It was cool and clammy day, but at least my computer issues were resolving themselves. The recalcitrant laptop finally booted and accepted a new operating system. The key wasn't through changing the bios boot settings, which it was ignoring, but to instead unplug the SATA hard drive before the boot process and plug it in after the CD started booting. I'd heard SATA drives are hot-swappable somewhere, and this seemed to be evidence that this rumor is true. They might not be as hot-swappable as USB drives, but the fact that they can be registered with the system after it has already started booting is huge. (And why are such advances so late in coming?)
Last night I'd salvaged all of the old prisoner data from the old computers languishing in the garage. The data came to many dozens of documents, usually different versions of the same documents on one each computer. I put them in folders representing the computers they'd come from and compressed it all down to a zip file. The result: all of the prisoners' documents (in as many as six copies each) for the entire ten year life of the program so far only came to 16 megabytes of compressed data. I have a feeling those old Microsoft Word formats compress down a lot, since they seem to have a lot of repetition and blank data when viewed in a hex editor.

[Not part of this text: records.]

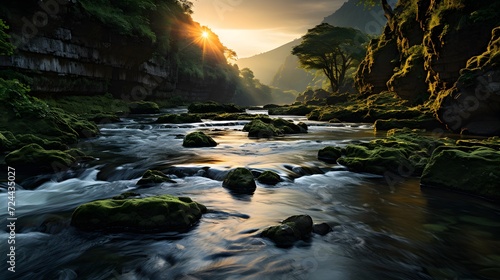 Panorama of a mountain river flowing through a rocky gorge at sunset.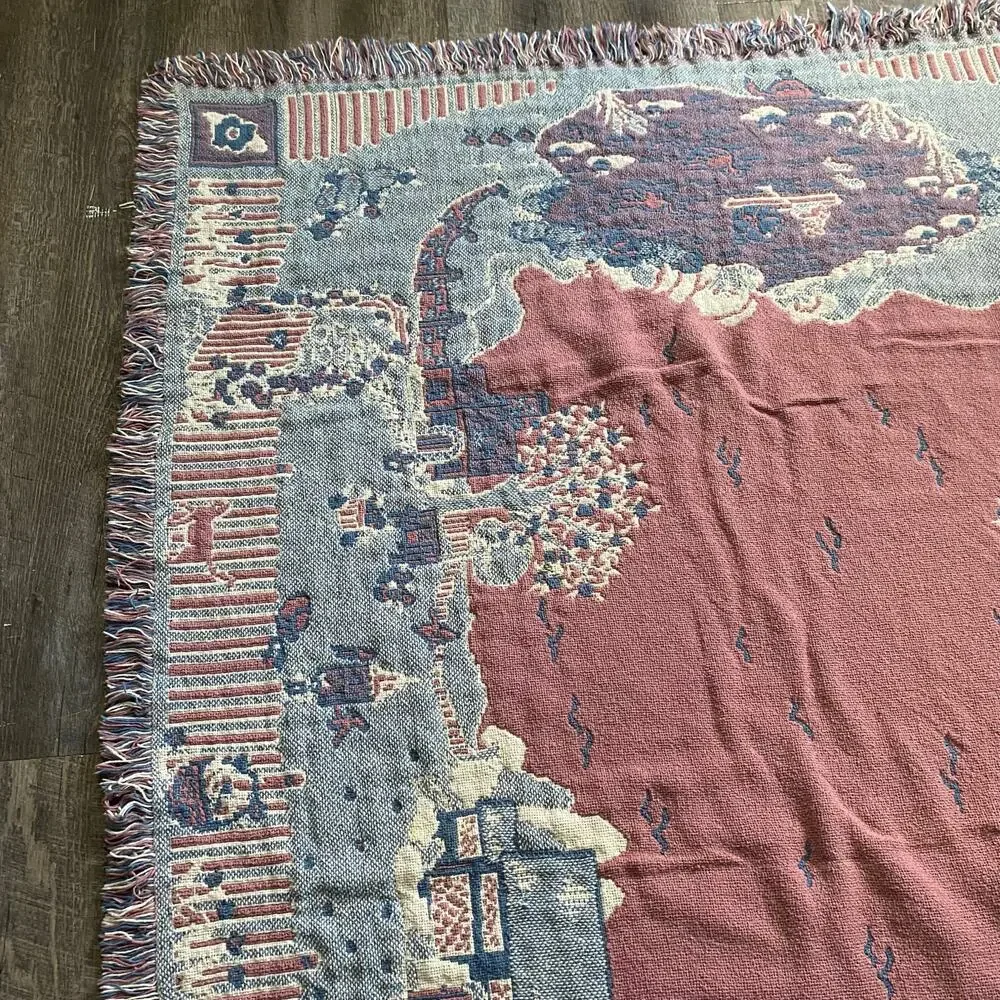 Tapestry Blanket Farm House Animals Pastel Colors 4ft by 5.8ft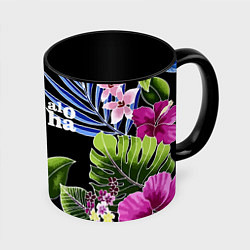 Кружка 3D Tropical flowers - aloha, цвет: 3D-белый + черный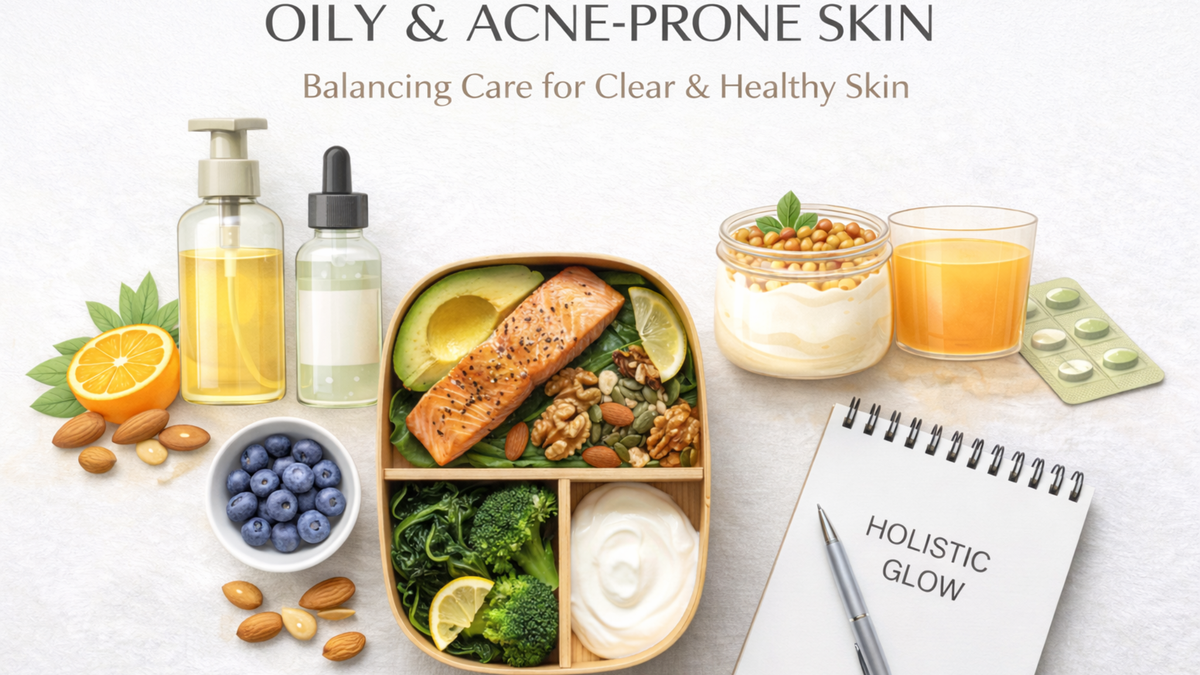Holistic skincare and nutrition for oily and acne-prone skin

This evening Gretchen and I dined at the Rolling Rock diner at the mall, where we were joined by Penny and David. Then all of us went to see the movie Adventureland, a sweet love story set in a low-end summer amusement park in 1987. Our protagonist is nerdy and sexually inexperienced, and his love interest is world-weary and habituated to sexual exploitation. It was a good movie, though perhaps not as good as Gretchen thought it was. The most interesting thing about the movie was its soundtrack, which were the manifestation of the awesome powers of some curative talent. 1987 was not an especially good time for pop music, but the soundtrack was full of surprising gems, such as "Unstatisfied" by the Replacements and The Outfield's "I Don't Want to Lose Your Love Tonight."